-- EXERCISE DETAILS --
Copy exactly the lines starting at the one that contains "Toasted almonds" and running through the end of the material below. Exclude any pictures.

[INPUT RECORDS — start]

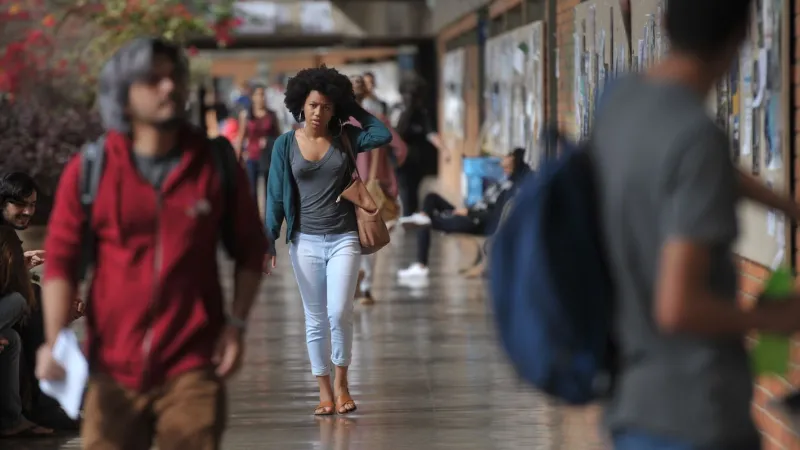 Mais de 54% dos graduandos já abandonaram curso para cuidar dos filhos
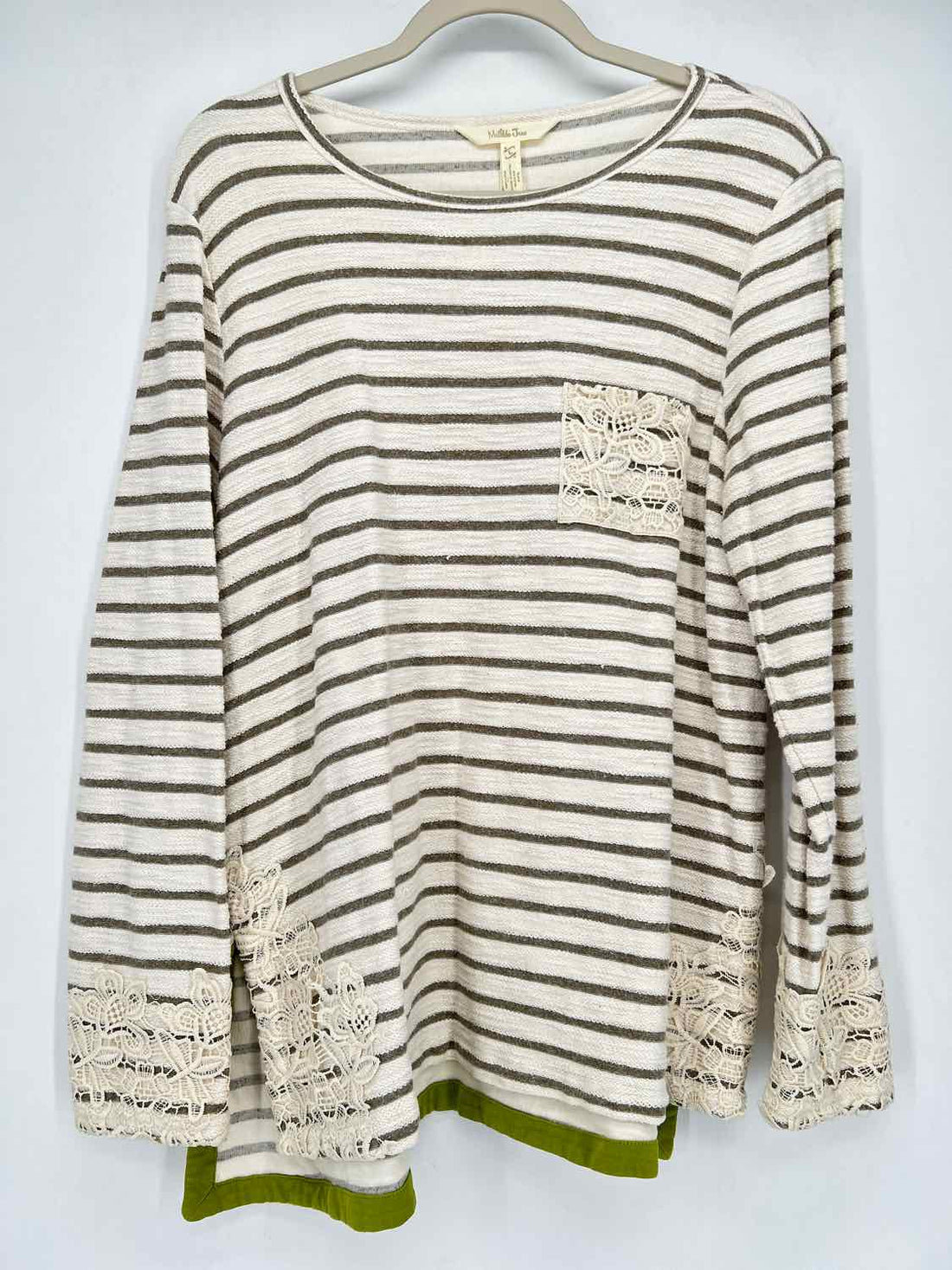 Matilda Jane Size L White Striped Long Sleeve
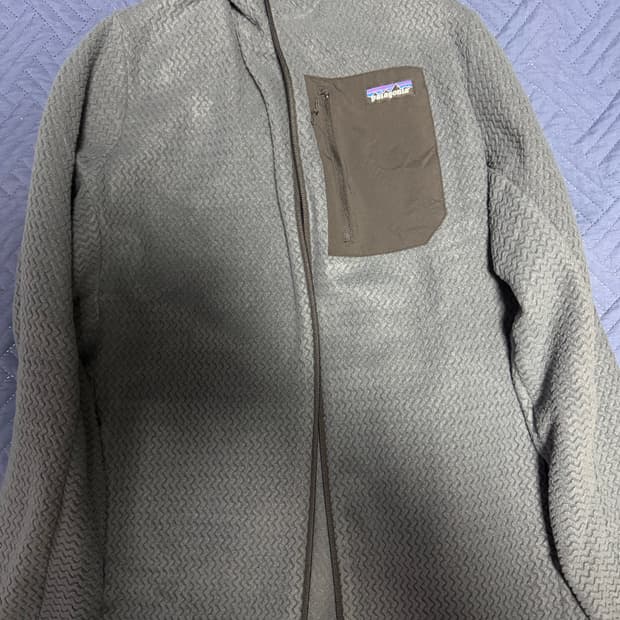 파타고니아 R1 에어 L Size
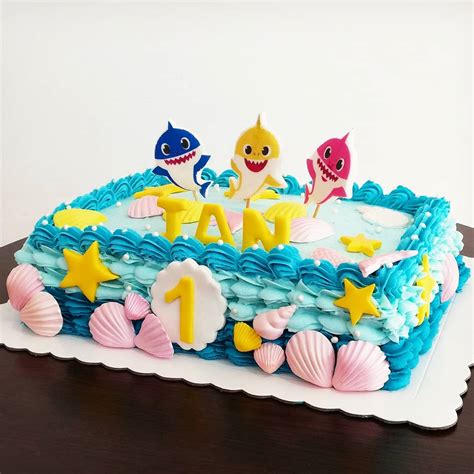 Baby Shark 3rd Birthday Cake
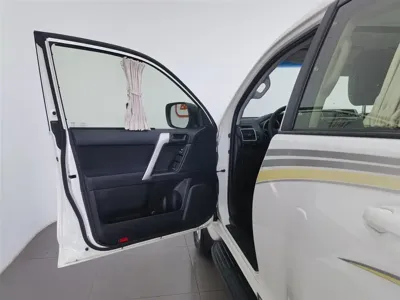 Toyota Prado 2017, 79000 км, за 26456.23 USD - фото 8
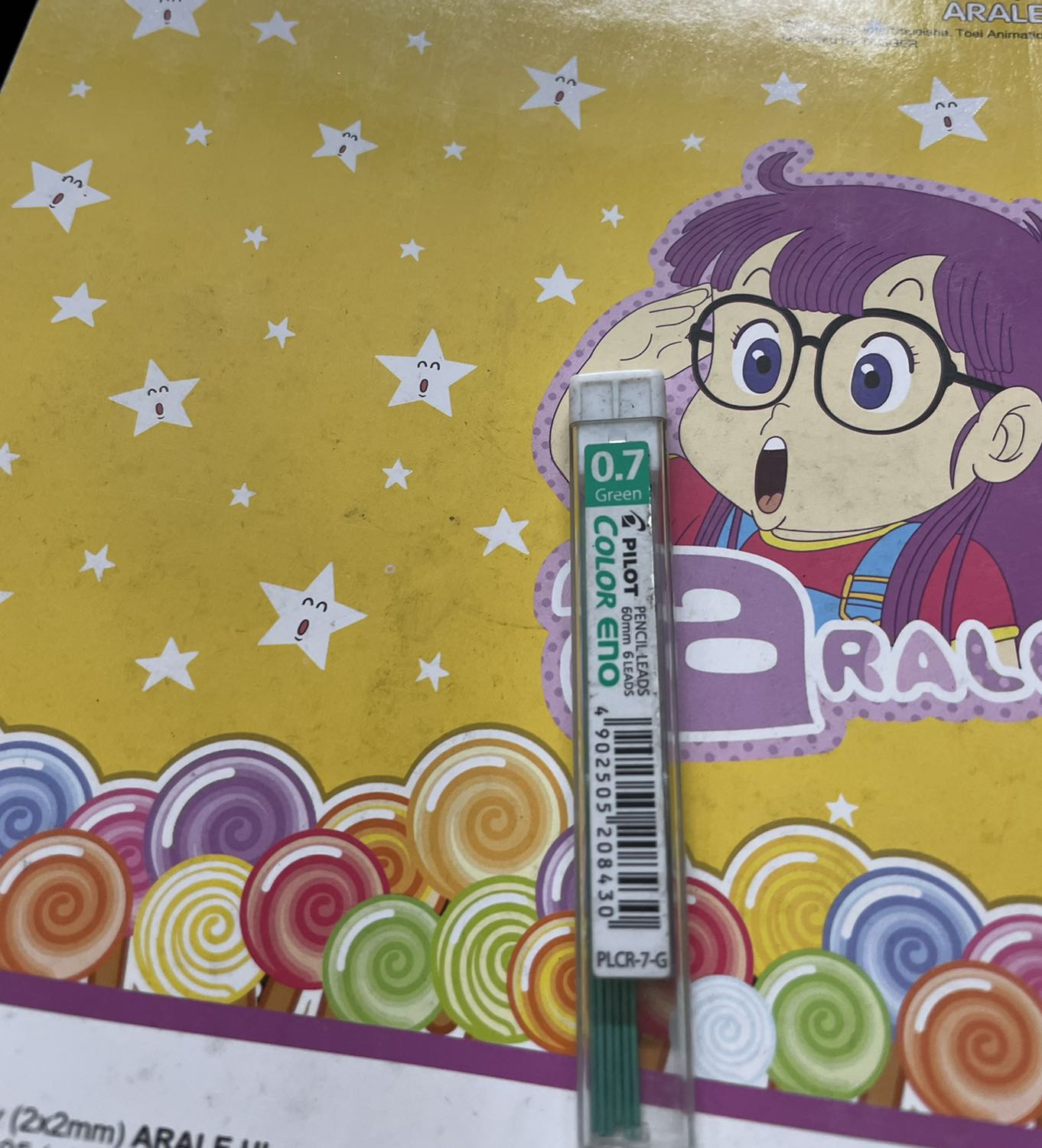 Mua giá gốc chứ k phải mua sale mà lại giao cuốn tập với hộp chì *** bẩn thỉu như vậy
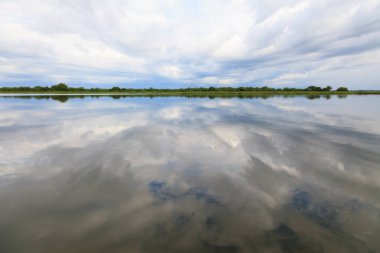 Guatemala 'da Aguateca yakınlarında bir nehir.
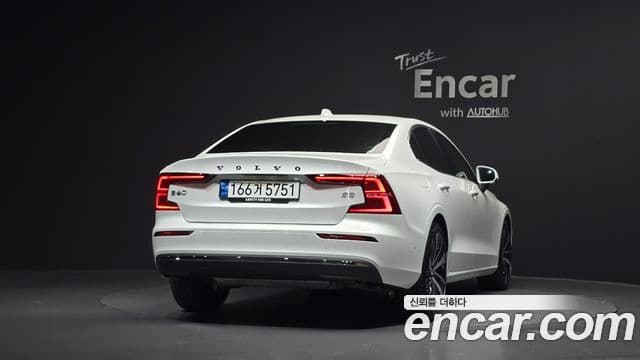 Volvo S60 3세대 B5 Ultimate Bright, 2023 4
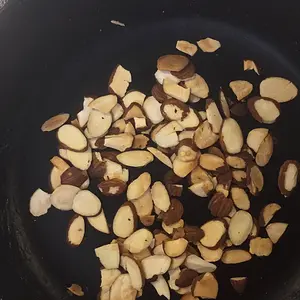 Toasted almonds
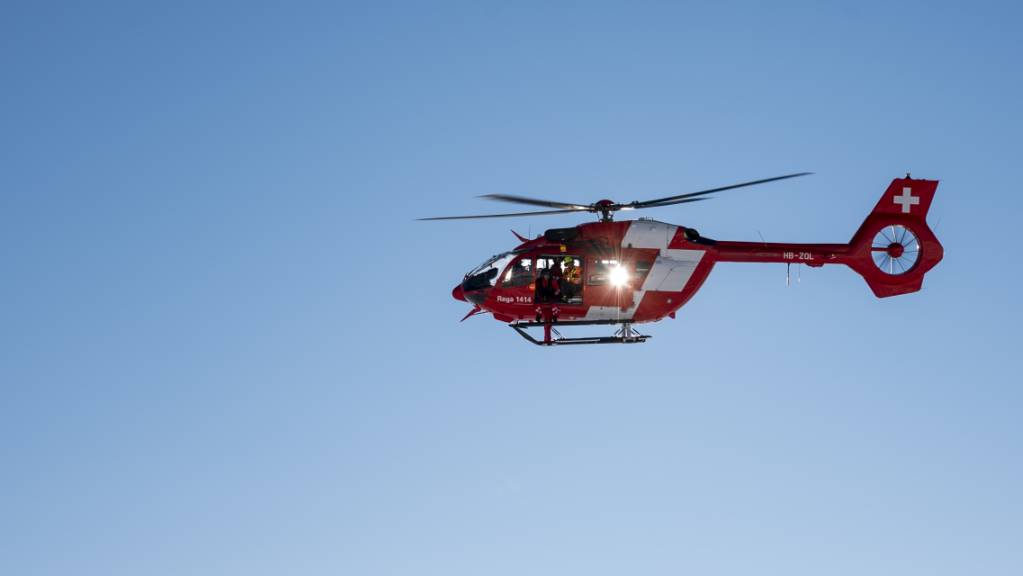 Ein Rega-Helikopter flog den beim Autounfall verletzten Beifahrer vom Jaunpass in ein Spital. (Symbolbild)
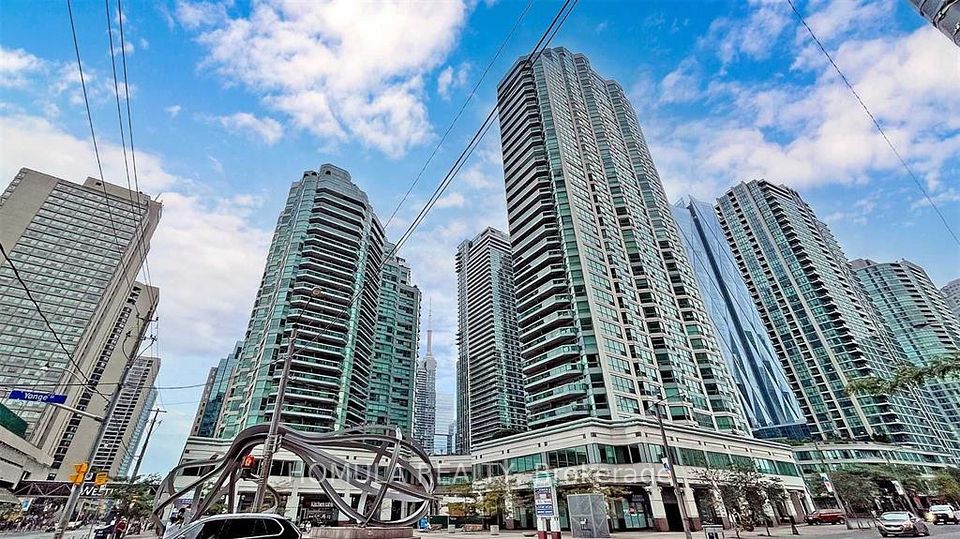 10 Yonge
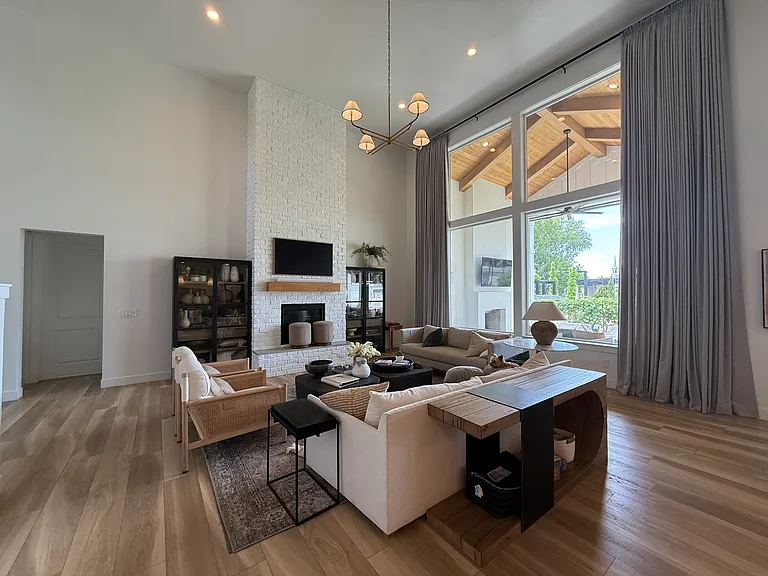 333 N 1200 E — Photo 2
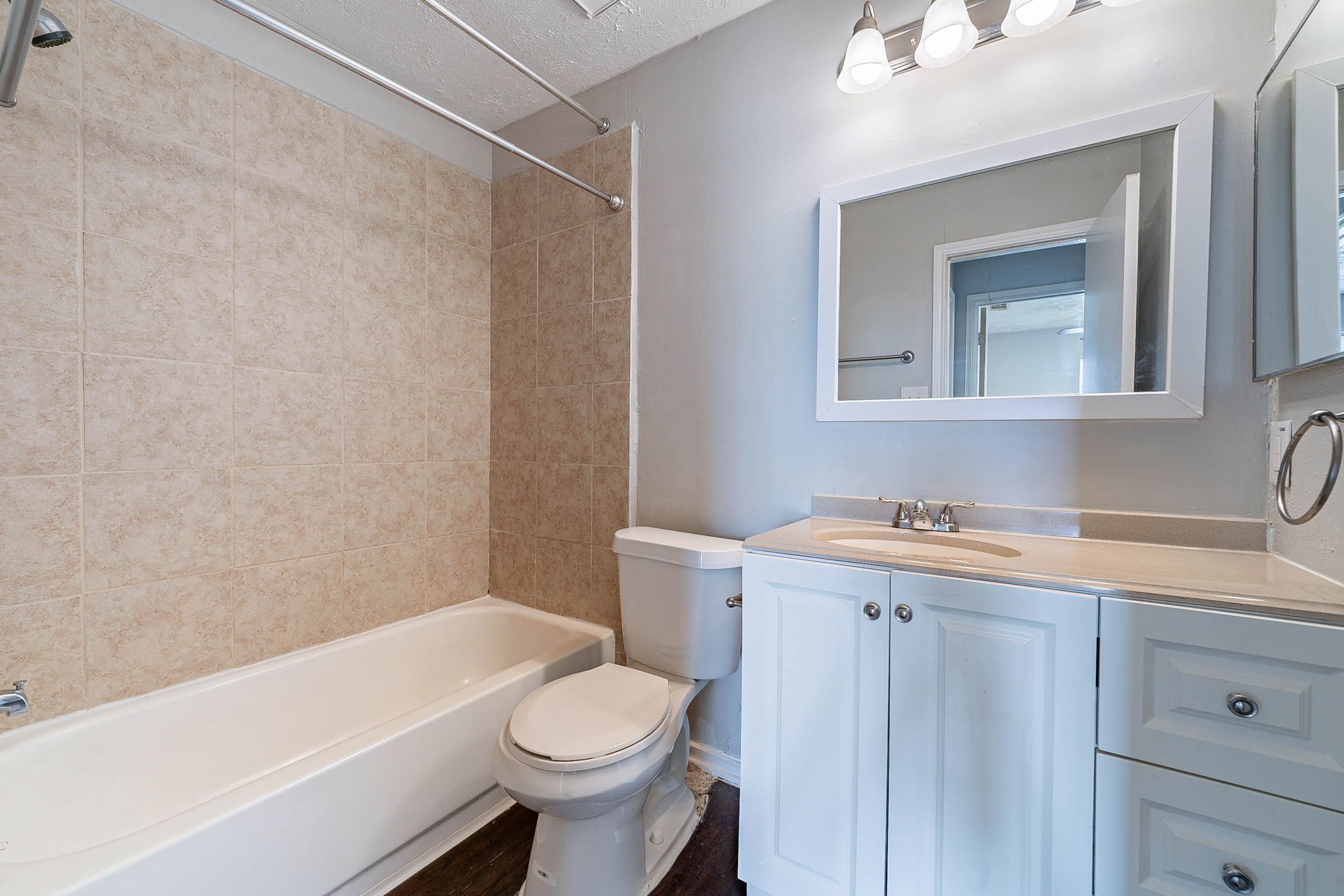 1502 Stevenage Lane Channelview, TX 77530 - Photo 22 of 33 a bathroom with a sink a toilet and shower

[INPUT RECORDS — finish]

-- REPLY TO THE TASK --
 Toasted almonds
 Ein Rega-Helikopter flog den beim Autounfall verletzten Beifahrer vom Jaunpass in ein Spital. (Symbolbild)
 10 Yonge
 333 N 1200 E — Photo 2
 1502 Stevenage Lane Channelview, TX 77530 - Photo 22 of 33 a bathroom with a sink a toilet and shower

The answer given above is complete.